Available records.
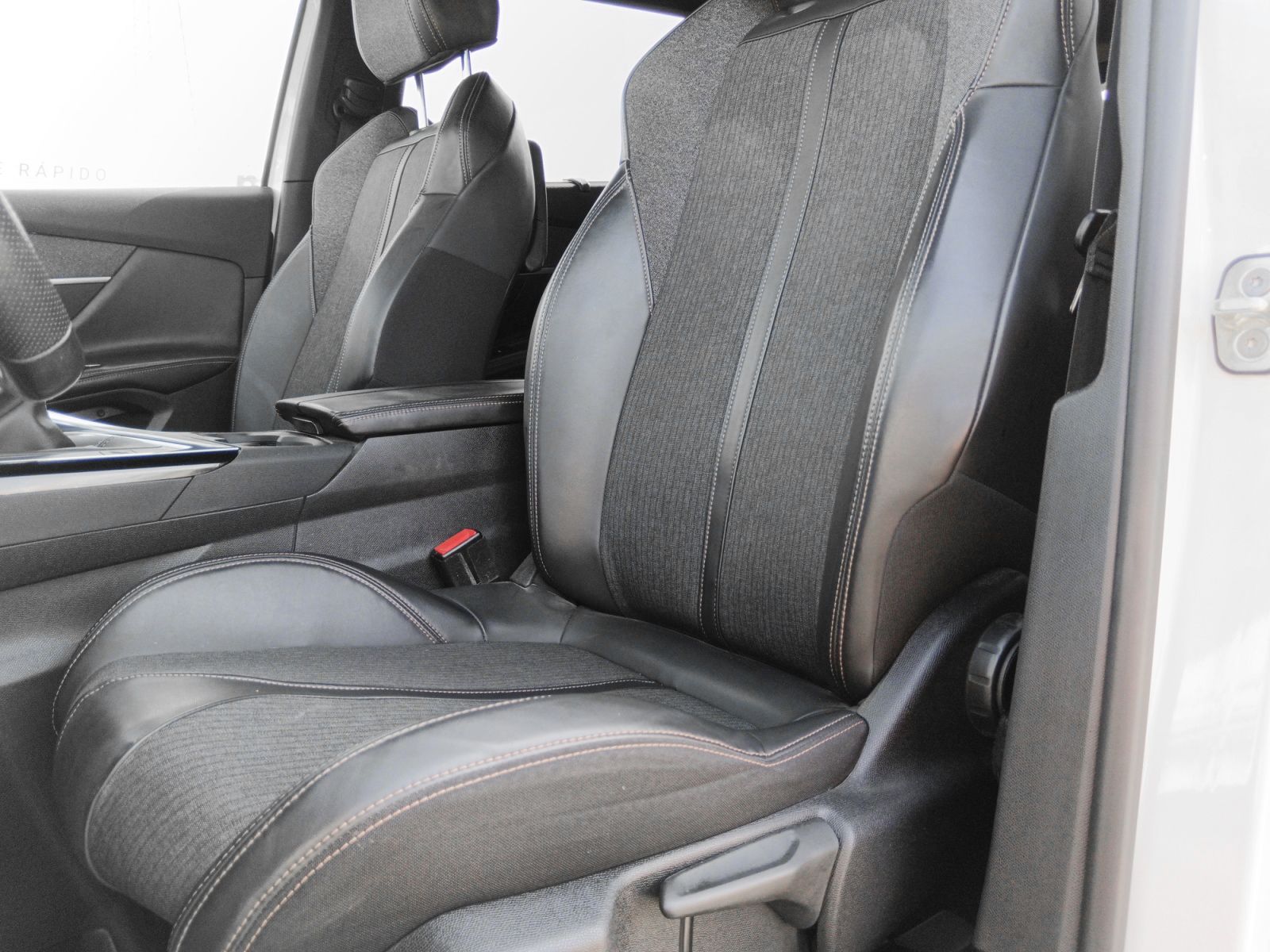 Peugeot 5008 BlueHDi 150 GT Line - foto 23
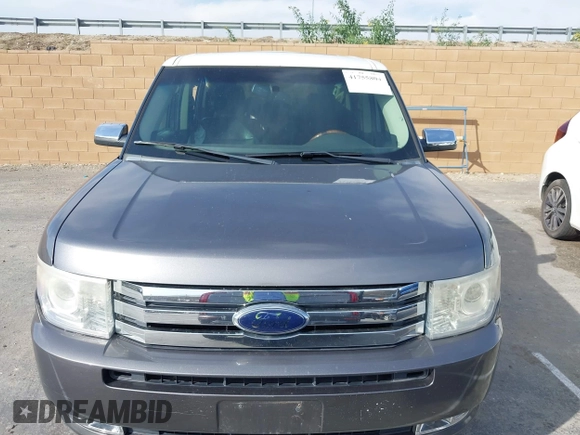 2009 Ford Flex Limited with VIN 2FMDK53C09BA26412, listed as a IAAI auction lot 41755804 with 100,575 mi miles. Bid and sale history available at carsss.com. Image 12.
---
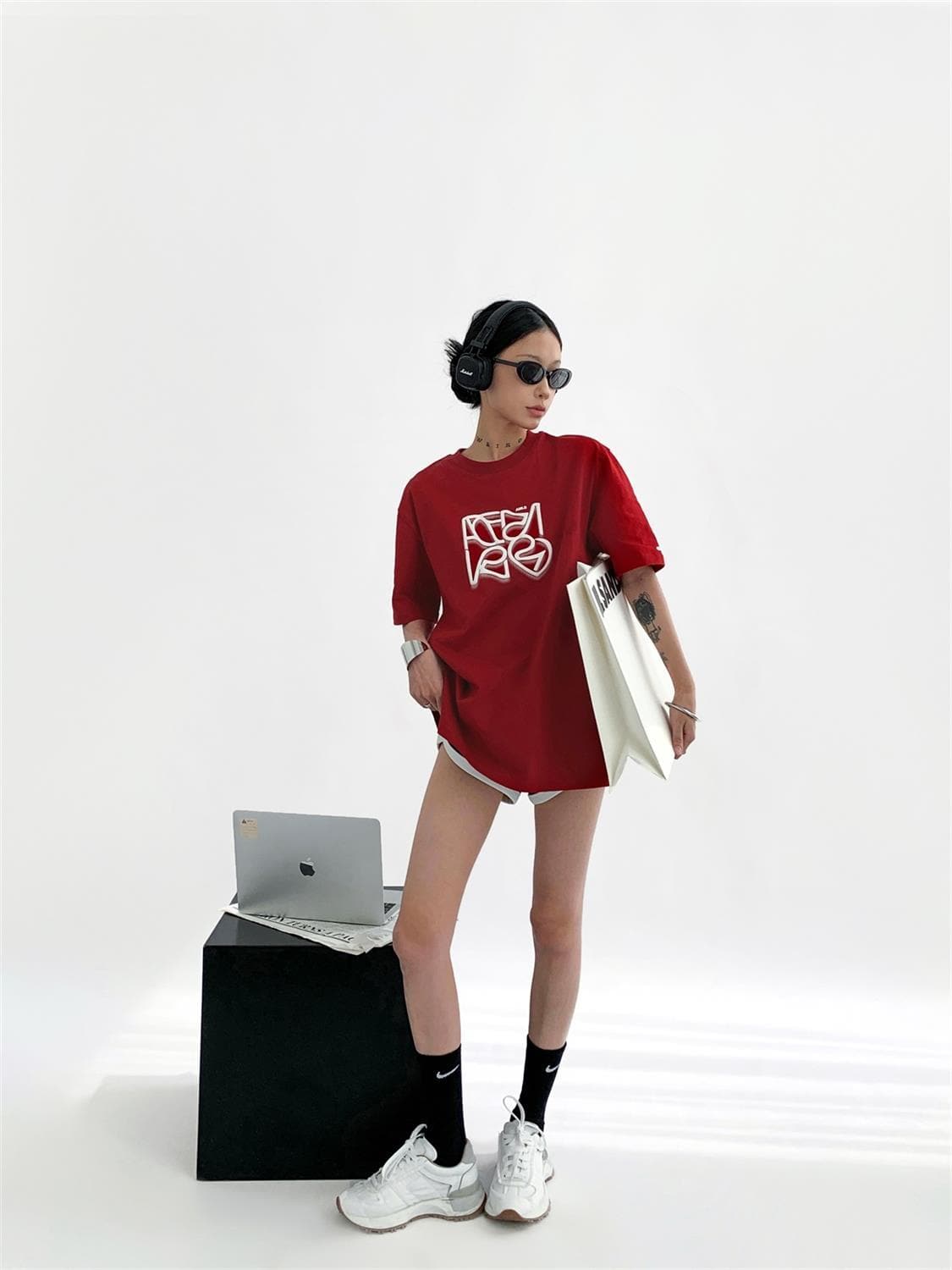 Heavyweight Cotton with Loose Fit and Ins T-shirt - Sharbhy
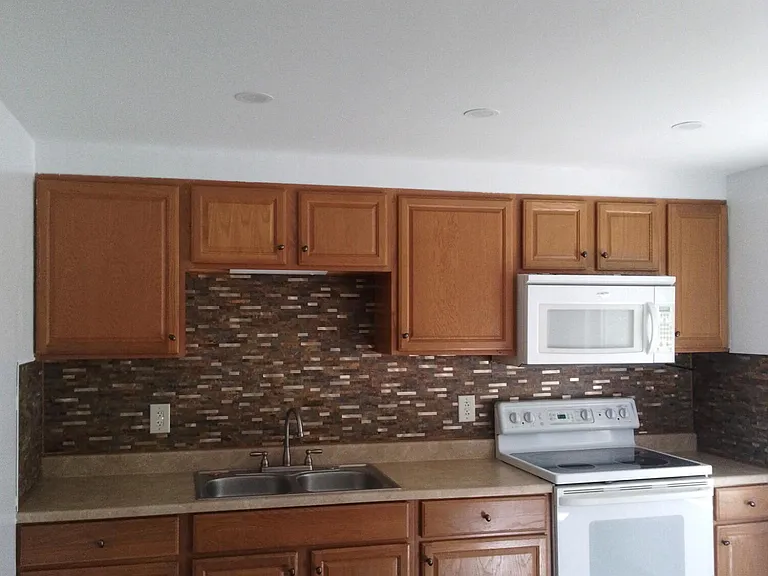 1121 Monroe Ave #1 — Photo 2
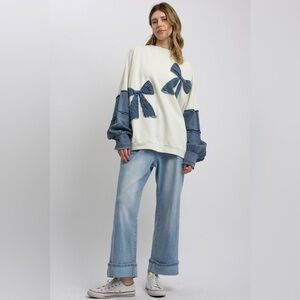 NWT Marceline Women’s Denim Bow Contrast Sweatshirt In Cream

Work instruction. Your reply should hold nothing but the lines above, from the one containing "1121 Monroe Ave #1 — Photo 2" to the one containing "NWT Marceline Women’s", reproduced exactly minus the pictures.

Written answer.
 1121 Monroe Ave #1 — Photo 2
 NWT Marceline Women’s Denim Bow Contrast Sweatshirt In Cream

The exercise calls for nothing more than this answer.